Following graduation and the end of his collegiate career, Adams represented the US National Team in the 2007 IFAF World Championships in Kawasaki, Japan. Under head coach John Mackovic, the team, composed of 45 collegiate athletes, won gold while appearing on the NFL Network.

==Early life==
Adams was born in Fairfax, Virginia to Ron and Carol Adams. His father, Ron, played college football at Catawba College and was inducted into the school's hall of fame in 2000.

==College career==
===2003===
Adams played in all 12 games as a linebacker and on special teams, making three starts. He led all Crusader freshmen in tackles with 36, including 26 solo stops.

===2004===
He played in all 11 games on the year, starting four times and ranked second on the team with 57 total tackles, including 43 solo stops. He placed 22nd in the Patriot League in total tackles and posted a season-high 13 tackles against Bucknell.

===2005===
Adams started all 11 games on the season and was named All-Patriot League by the Sports Xchange. He led the team with 115 total tackles on the year, including 97 solo stops and four tackles for loss. He led the nation in solo tackles, while ranking 21st in total tackles.

===2006===
Adams led the Holy Cross defense with 109 total tackles on the season, including 91 solo stops, 13 tackles for loss, two sacks, two interceptions, two fumble recoveries and three pass breakups. Adams ranked sixth in the nation in solo tackles, 23rd in total tackles and 47th in tackles for loss. He reached double-figures in tackles seven times on the season, while leading the team in tackles in nine out of 11 games. Over the course of his four-year career as a Crusader, Adams totaled 317 total tackles, 257 solo stops, 19 tackles for loss and 2 INT's.
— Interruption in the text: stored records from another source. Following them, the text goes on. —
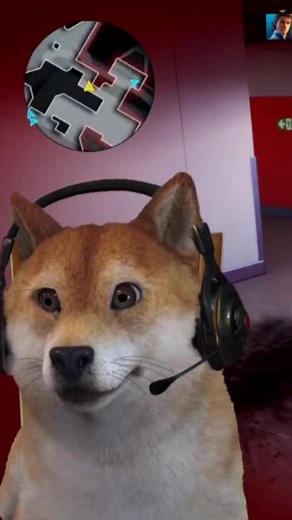 Mastering Rogue Company: Wild Gameplay Insights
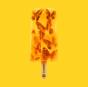 Yummy - Vinil - Preview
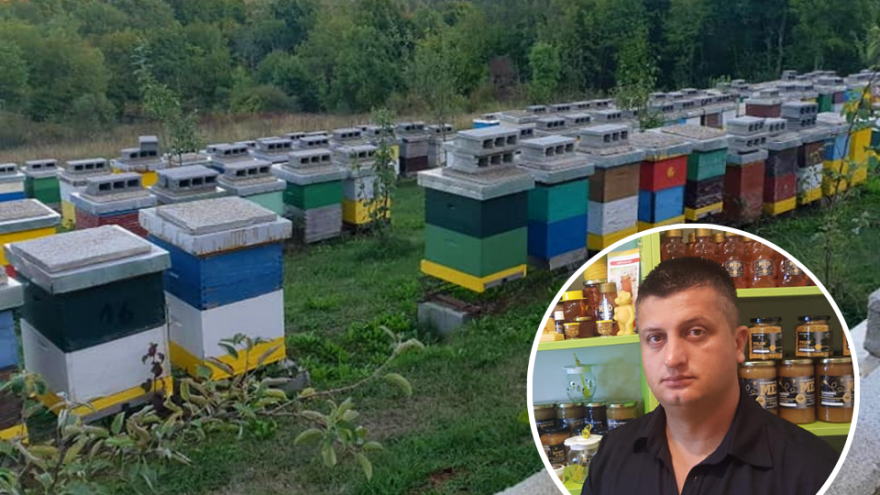 Mart je najkritičniji mjesec za pčele - šta se mora uraditi?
He was awarded New England Football Writer's Gold Helmet Award, WTAG Defensive Player of The Year, and The Rick Carter Memorial Trophy.

==Television==

In 2009, Adams competed as a contestant on Season 4 of Pros vs. Joes (All Stars) on SpikeTV against Pacman Jones, Rich Gannon, and Priest Holmes. In the episode entitled, "The Fight", Adams got into an altercation with Pacman Jones following a goal line tackle that forced Jones to fumble.

In 2012, he co-created the ESPY Award winning initiative, Mission Kilimanjaro, that enabled congenital amputee, Kyle Maynard, to crawl to the top of Mt. Kilimanjaro without assistance. Adams served as the expedition co-leader, helping Maynard prepare for the climb while also assisting with fundraising and logistics. The footage captured on the climb aired on ESPN Outside The Lines in 2012.